Ondanks al deze maatregelen stelden we vast dat ook dit systeem niet waterdicht was. Opgevorderden kwamen niet altijd opdagen …
In de periode dat het penitentiair personeel werd opgevorderd werd het sociaal overleg vervolgens gedomineerd door de toepassing artikel 17 van de penitentiaire wet. De wetgever voorzag met dit artikel het absolute minimum dat altijd in alle omstandigheden moet gegarandeerd blijven; eigenlijk de levensverzekering van wie gedetineerd is tijdens een staking. De syndicale organisaties haalden aan dat er gevangenissen waren waar men meer diensten had verleend dan dit minimum. De absolute ondergrens werd geïnterpreteerd als een bovengrens en werd expliciet geproblematiseerd. De modelplannen die per gevangenis het minimum aantal werkposten bepalen, moesten naar beneden toe herzien worden, want door de huidige bezetting zou een staking zijn “effect” missen.
In de praktijk hadden enkele directeurs op de zeldzame ogenblikken dat het kon, bedlinnen laten vervangen of tabak en dranken laten bedelen. Samengevat: de levensomstandigheden van gedetineerden worden expliciet het drukkingsmiddel dat het “effect” van een staking moet bepalen.
Na ongeveer een maand beëindigden de syndicale organisaties in de eerste week van mei de staking van onbepaalde duur. Ze schakelden echter onmiddellijk over op 24 en 48 uur stakingen waarbij de minimale dienstverlening niet meer van toepassing is. Deze wijziging in stakingsstrategie ontwijkt de regelgeving over de minimale dienstverlening. De eerste 48u is er immers wettelijk geen absolute benedengrens voorzien waardoor het menselijk leed opnieuw zijn rol als drukkingsmiddel kan spelen in het lopende sociaal conflict.
Men kan volgens mij in geen enkel conflict, ook niet in een sociaal conflict, het leed van een groep mensen gaan gebruiken als drukkingsmiddel. Dit geldt des te meer als deze groep weinig verweermiddelen heeft. Laten we bij dit alles vooral niet vergeten dat de penitentiaire regelgeving disciplinaire sancties voorziet voor het “aanzetten tot collectieve acties”. Een gedetineerde denkt best twee keer na voordat hij actie gaat ondernemen omdat de situatie gewoon ondraaglijk is. Een gewone “sit in” na een wandelmoment blijft zelden zonder disciplinaire gevolgen.

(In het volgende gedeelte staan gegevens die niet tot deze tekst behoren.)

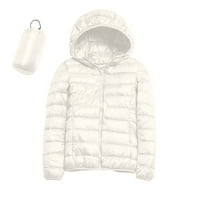 Hunpta Women Topla vodootporna lagana jakna s kapuljačnim protupožatnim zimskim kaputom sa recikliranom izolacijom zimska tanka kratka kapuljača topla bijela premaza gornja odjeća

Mensen zijn geen middelen en mogen dat in geen enkele omstandigheid worden, ook niet in gevangenissen. Hun leed mag nooit geïnstrumentaliseerd worden ten voordele van het eigenbelang; in dit geval het syndicale groepsbelang. In dat opzicht moet niet alleen ons gevangenisbeleid gehumaniseerd worden maar evenzeer en even dringend het sociaal overleg dat er gevoerd wordt.